▶ The problem:
Could the listing below be returned exactly, with its pictures left out?
········
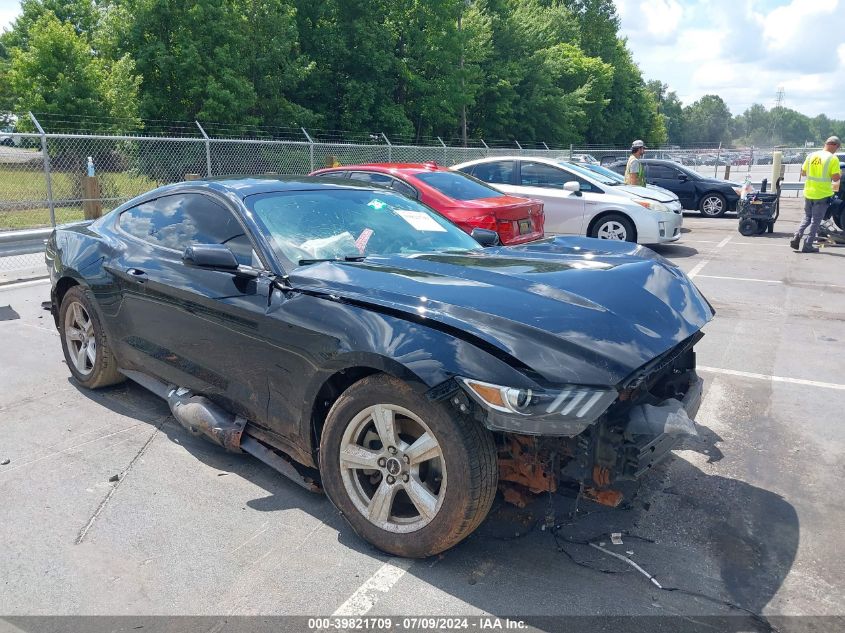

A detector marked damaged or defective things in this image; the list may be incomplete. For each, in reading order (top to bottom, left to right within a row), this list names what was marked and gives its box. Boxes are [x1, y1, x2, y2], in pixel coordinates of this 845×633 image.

damaged black mustang [46, 175, 712, 556]
crumpled front end [492, 334, 704, 506]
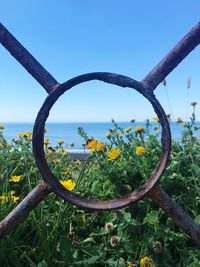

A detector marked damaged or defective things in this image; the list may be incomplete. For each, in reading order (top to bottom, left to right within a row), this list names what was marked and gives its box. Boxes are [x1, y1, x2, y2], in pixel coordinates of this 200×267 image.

rusty metal ring [32, 72, 170, 210]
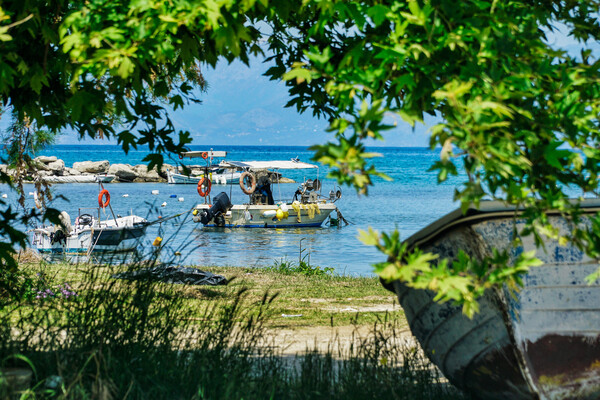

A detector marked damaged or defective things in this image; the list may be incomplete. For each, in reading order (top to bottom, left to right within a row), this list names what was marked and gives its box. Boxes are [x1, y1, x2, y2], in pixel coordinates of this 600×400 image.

rusted boat hull [384, 200, 600, 400]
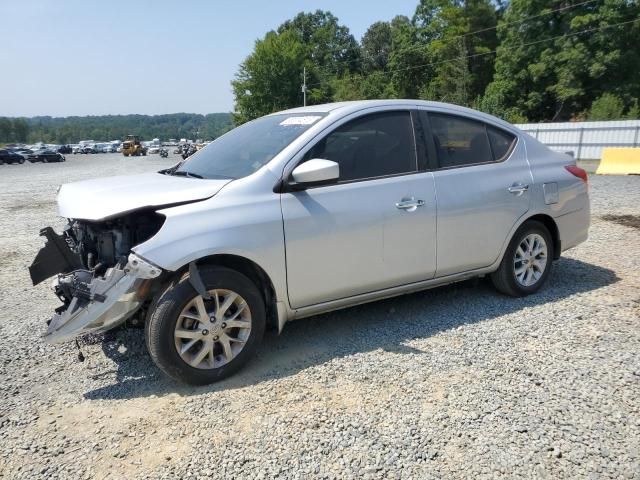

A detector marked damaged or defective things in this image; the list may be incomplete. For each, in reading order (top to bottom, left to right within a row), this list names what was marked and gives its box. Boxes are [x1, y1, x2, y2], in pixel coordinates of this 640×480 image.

crumpled hood [57, 172, 231, 220]
damaged front end [30, 212, 165, 344]
detached front bumper [43, 255, 161, 344]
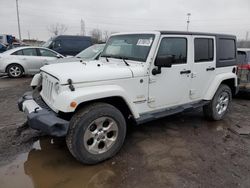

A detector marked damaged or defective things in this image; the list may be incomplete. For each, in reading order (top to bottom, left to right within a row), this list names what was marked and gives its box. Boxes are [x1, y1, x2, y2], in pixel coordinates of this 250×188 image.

damaged front bumper [17, 91, 69, 137]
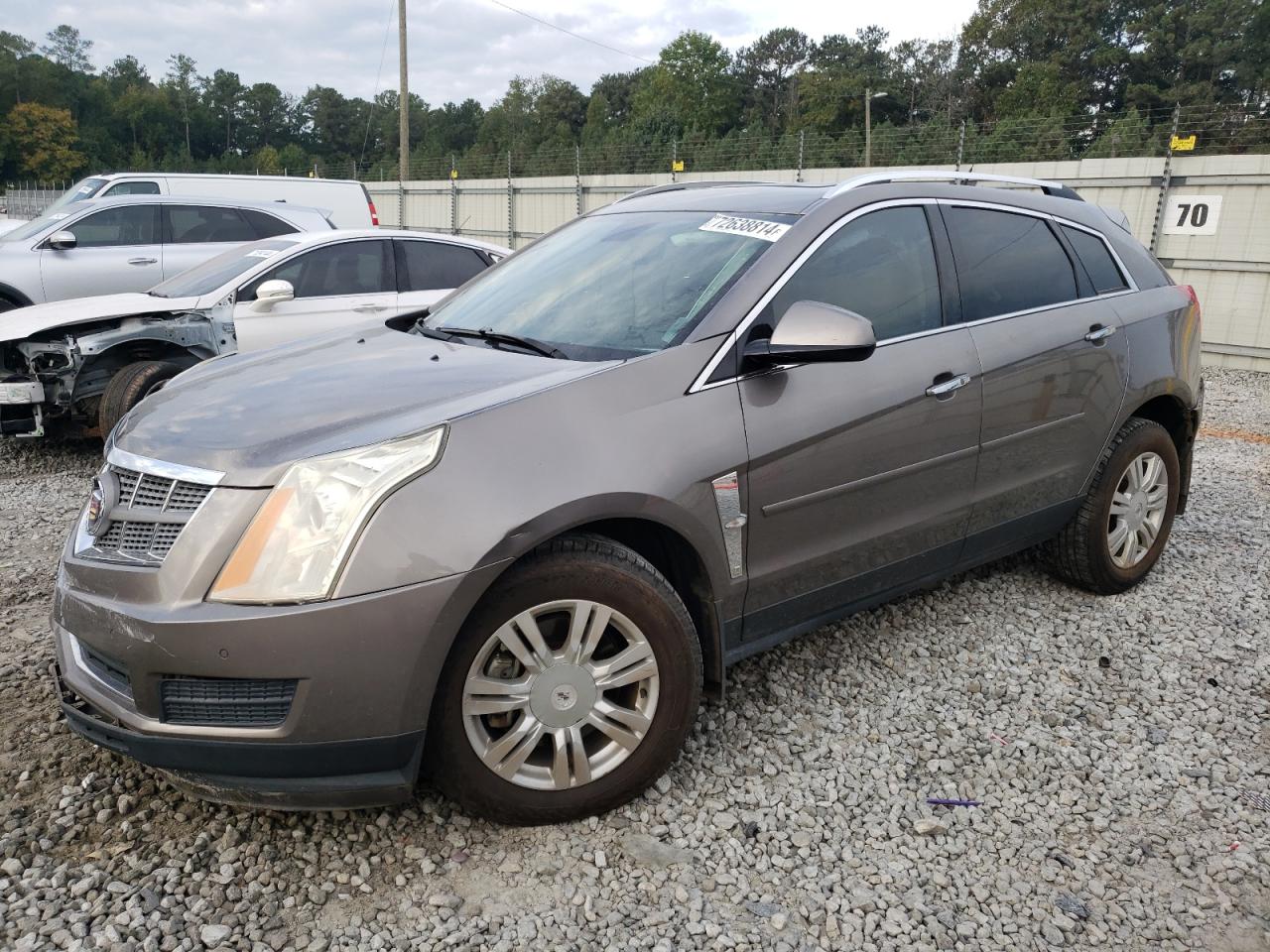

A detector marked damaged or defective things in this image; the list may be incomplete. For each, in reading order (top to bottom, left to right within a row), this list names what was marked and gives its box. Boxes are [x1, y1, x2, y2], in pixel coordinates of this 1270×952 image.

damaged white car [0, 229, 506, 436]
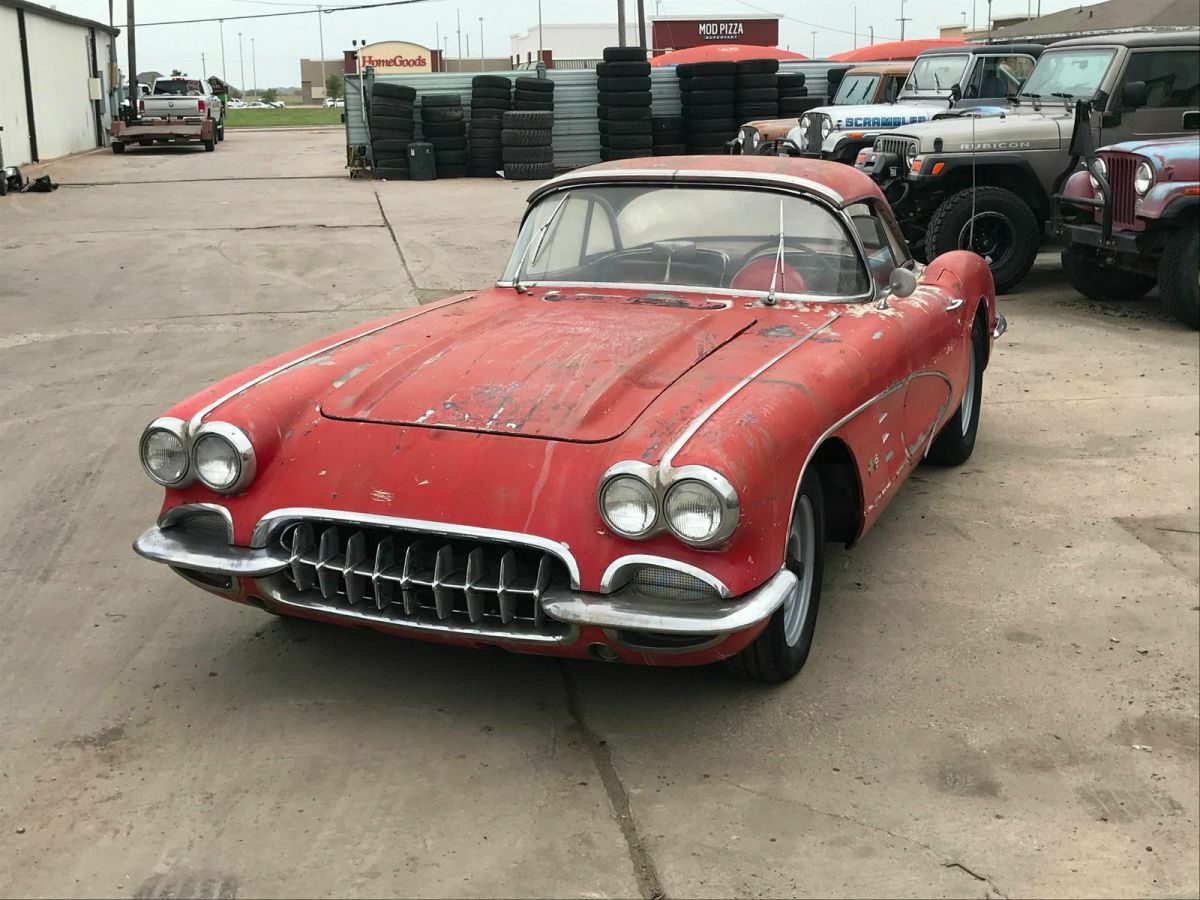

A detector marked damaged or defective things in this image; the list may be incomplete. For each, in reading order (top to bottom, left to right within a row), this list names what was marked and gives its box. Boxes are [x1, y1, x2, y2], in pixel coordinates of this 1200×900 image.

pavement crack [374, 190, 422, 292]
pavement crack [554, 662, 667, 900]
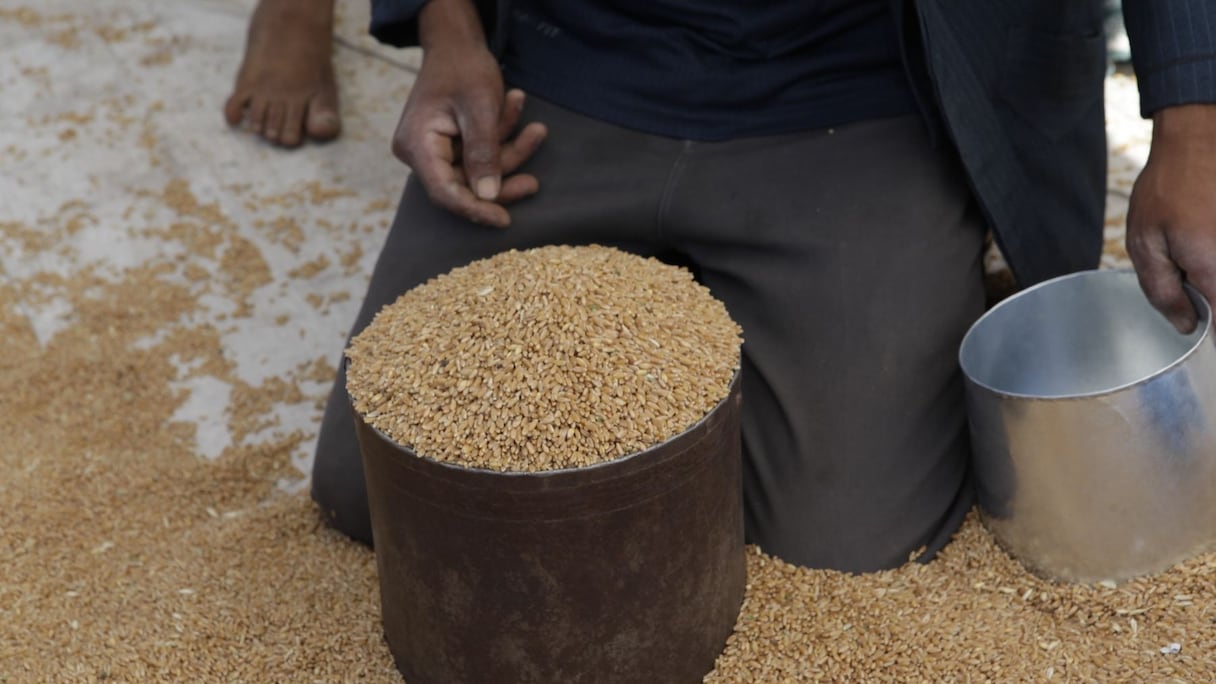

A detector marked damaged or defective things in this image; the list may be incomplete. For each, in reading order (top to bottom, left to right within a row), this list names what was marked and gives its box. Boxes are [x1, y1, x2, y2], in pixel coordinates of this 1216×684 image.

rusty metal container [352, 372, 744, 681]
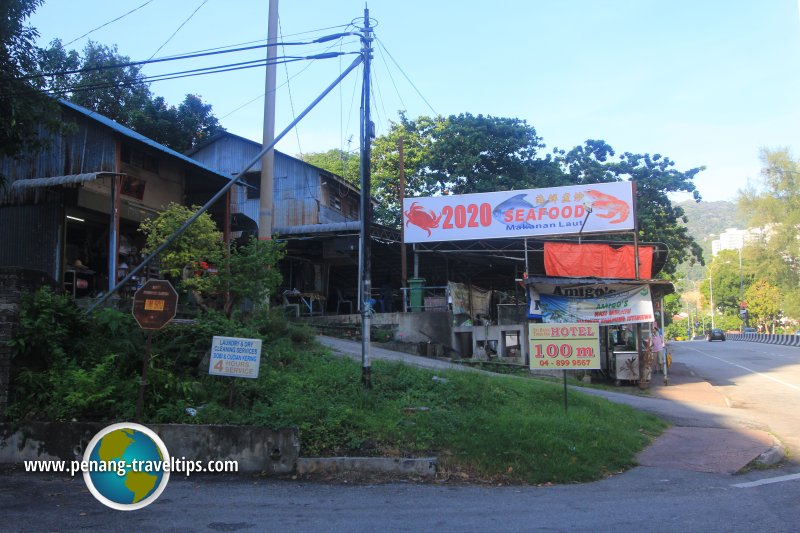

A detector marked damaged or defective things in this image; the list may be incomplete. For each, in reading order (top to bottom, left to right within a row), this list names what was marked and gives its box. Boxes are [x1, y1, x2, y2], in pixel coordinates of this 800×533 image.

octagonal rusty sign [133, 278, 178, 328]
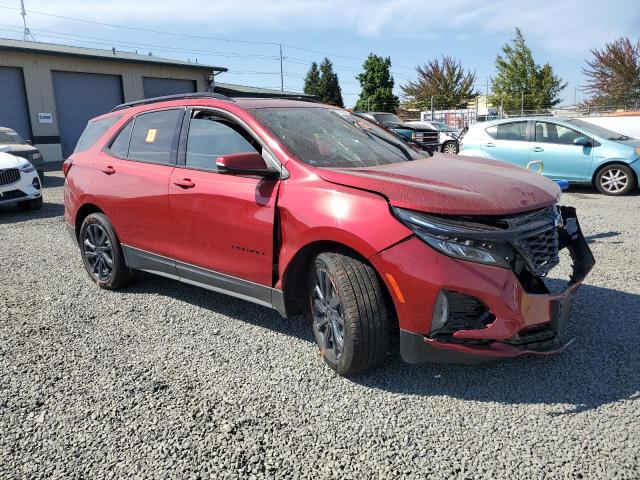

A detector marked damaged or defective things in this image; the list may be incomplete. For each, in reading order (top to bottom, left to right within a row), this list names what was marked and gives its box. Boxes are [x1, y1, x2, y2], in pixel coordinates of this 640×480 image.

crumpled hood [316, 155, 560, 215]
broken bumper cover [370, 205, 596, 364]
damaged front bumper [370, 205, 596, 364]
exposed bumper structure [370, 206, 596, 364]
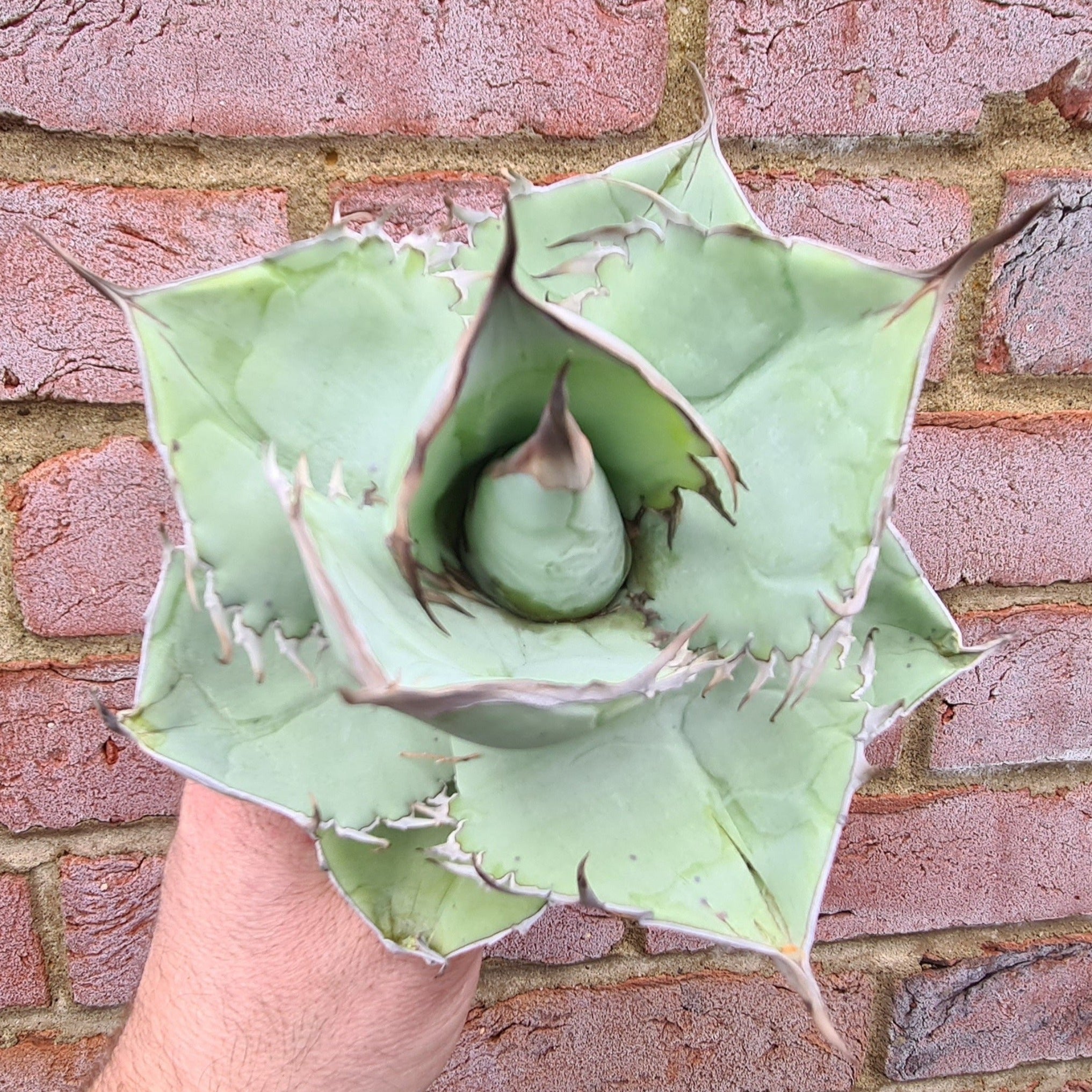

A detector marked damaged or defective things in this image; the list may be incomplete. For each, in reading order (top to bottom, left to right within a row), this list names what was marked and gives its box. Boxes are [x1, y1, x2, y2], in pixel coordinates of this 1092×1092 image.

cracked brick [0, 0, 664, 139]
cracked brick [703, 0, 1092, 138]
cracked brick [0, 183, 290, 406]
cracked brick [742, 173, 974, 380]
cracked brick [982, 169, 1092, 375]
cracked brick [10, 437, 180, 638]
cracked brick [891, 413, 1092, 594]
cracked brick [0, 655, 181, 834]
cracked brick [930, 607, 1092, 769]
cracked brick [0, 873, 48, 1009]
cracked brick [60, 851, 162, 1004]
cracked brick [430, 970, 873, 1087]
cracked brick [821, 786, 1092, 939]
cracked brick [886, 935, 1092, 1079]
········
▶ Expected answer:
A detector marked damaged or defective things in this image; the list may be incomplete. For each, in reading order (top to bottom, left to right within a row), this list names what was marked and gives its box. Boxes are [x1, y1, x2, y2], in pixel coordinates of this 845×633 image.

damaged black mustang [46, 175, 712, 556]
crumpled front end [492, 334, 704, 506]

A detector marked damaged or defective things in this image; the list may be incomplete. For each, in reading order (top to bottom, left to right within a row), this list names what was marked and gives its box. Boxes are [x1, y1, x2, y2], in pixel coordinates of this 200×267 image.

rusty metal ring [32, 72, 170, 210]

A detector marked damaged or defective things in this image; the list may be incomplete. For each, in reading order (top to bottom, left to right within a row), this list names what was marked and gives its box. Boxes are [x1, y1, x2, y2], in pixel coordinates of this 600×400 image.

rusted boat hull [384, 200, 600, 400]

A detector marked damaged or defective things in this image; the list may be incomplete. For each, in reading order (top to bottom, left to right within a row), this list names what was marked and gives its box. Boxes are [x1, y1, x2, y2], in pixel coordinates of this 640×480 image.

crumpled hood [57, 172, 231, 220]
damaged front end [30, 212, 165, 344]
detached front bumper [43, 255, 161, 344]

A detector marked damaged or defective things in this image; the list may be incomplete. For each, in reading order (top to bottom, left to right within a row), this list names what was marked and gives its box. Boxes are [x1, y1, x2, y2], in pixel coordinates of this 250×188 image.

damaged front bumper [17, 91, 69, 137]

A detector marked damaged or defective things in this image; the list may be incomplete. For each, in reading order (top to bottom, left to right within a row), this list names what was marked and gives its box. Boxes are [x1, y1, x2, y2], in pixel coordinates of this 1270×952 image.

damaged white car [0, 229, 506, 436]

A detector marked damaged or defective things in this image; the list may be incomplete. For each, in reading order (top to bottom, left to right within a row), this list names what was marked and gives its box. Boxes are [x1, y1, x2, y2], in pixel coordinates of this 1200×900 image.

pavement crack [374, 190, 422, 292]
pavement crack [554, 662, 667, 900]

A detector marked damaged or defective things in this image; the list may be incomplete. For each, in reading order (top to bottom, left to right within a row), this list names what was marked and gives its box. Boxes are [x1, y1, x2, y2], in pixel coordinates of this 1216×684 image.

rusty metal container [352, 372, 744, 681]

A detector marked damaged or defective things in this image; the list may be incomplete. For each, in reading order (top to bottom, left to right within a row), this list names what was marked and gives its box. Boxes are [x1, y1, x2, y2], in pixel coordinates of this 800×533 image.

octagonal rusty sign [133, 278, 178, 328]

A detector marked damaged or defective things in this image; the list may be incomplete. For each, in reading order (top to bottom, left to right within a row), this list names what was marked and gives its box. Boxes are [x1, y1, x2, y2], in pixel coordinates of this 640×480 image.

crumpled hood [316, 155, 560, 215]
broken bumper cover [370, 205, 596, 364]
damaged front bumper [370, 205, 596, 364]
exposed bumper structure [370, 206, 596, 364]

A detector marked damaged or defective things in this image; the list may be incomplete. For each, in reading order (top to bottom, left to right within a row), this list names what was marked and gives its box. Boxes are [x1, y1, x2, y2], in pixel coordinates of this 1092×1092 image.

cracked brick [0, 0, 664, 139]
cracked brick [703, 0, 1092, 138]
cracked brick [0, 183, 290, 406]
cracked brick [742, 173, 974, 380]
cracked brick [982, 169, 1092, 375]
cracked brick [10, 437, 180, 638]
cracked brick [891, 413, 1092, 594]
cracked brick [0, 655, 181, 834]
cracked brick [930, 607, 1092, 769]
cracked brick [0, 873, 48, 1009]
cracked brick [60, 851, 162, 1004]
cracked brick [430, 970, 873, 1087]
cracked brick [821, 786, 1092, 939]
cracked brick [886, 935, 1092, 1079]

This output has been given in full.